If you’re unsure of what constitutes a competitive salary package, the Robert Half Salary Guide offers an extensive overview on prevailing market rates for different positions in the Finance and Accounting, Financial Services and Technology sectors. You can even access salary data categorised by “Job Category” and “Job Title” with the Robert Half Salary Calculator.
2. Talent might stay for pay
Top talent are frequently courted and poached by hiring managers and head-hunters – a process made easier these days with professional job networks such as LinkedIn. Even if your top people love what they do, they may have no qualms flitting off to the next best offer if they aren’t being rewarded with a competitive salary.
Whenever key appointment-holders leave an organisation, project timelines tend to suffer, costing the company additional time and resources to resolve.
3. You get what you pay for
Hiring managers may get away with underpaying employees by leveraging the company’s brand name. The downside is that people who are willing to work for low salaries at such brand name companies might not see it worth their time to bring value or optimal productivity to the organisation. This practice attracts people who see the organisation as a necessary stepping stone to a better job, and will simply bide their time while looking for the earliest opportunity to leave for where the grass is greener.
4. The hidden cost of paying less
In the skilled and professional jobs arena, an employee’s departure can often cost their company more than double their annual salary, without taking into account the intangible cost of lost productivity. Other sunk costs associated with losing an employee include the expense of hiring and training a replacement, or having to spend resources for onboarding programs.
These are financial repercussions that companies can avoid simply by instituting a competitive salary policy.

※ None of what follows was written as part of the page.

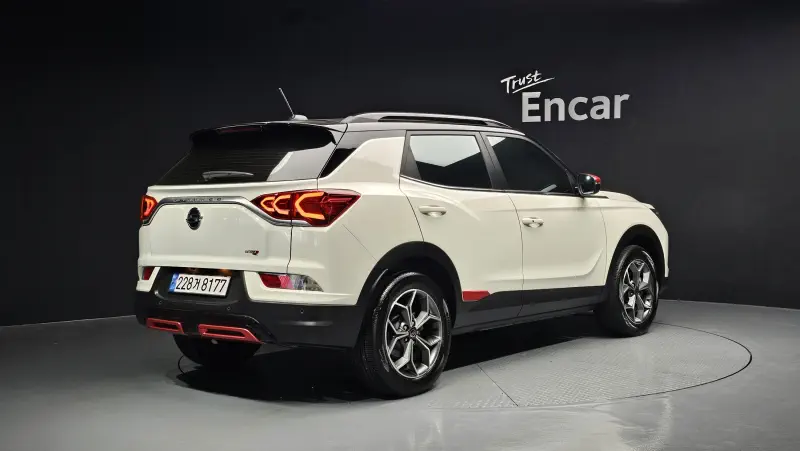SsangYong Korando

A high turnover rate also reflects poorly on a company, impacting the collective knowledge base, and damaging staff morale.
As the employment market is constantly in flux, hiring managers should constantly evaluate and adjust compensation policies in order to be seen as a desirable firm to work for – one that pays competitive salaries. A good perspective is to see employees as an appreciating asset. Sure, they may start off as a cost to the company, but satisfied employees who love what they do become more valuable over time as they accrue new skills, knowledge and experience.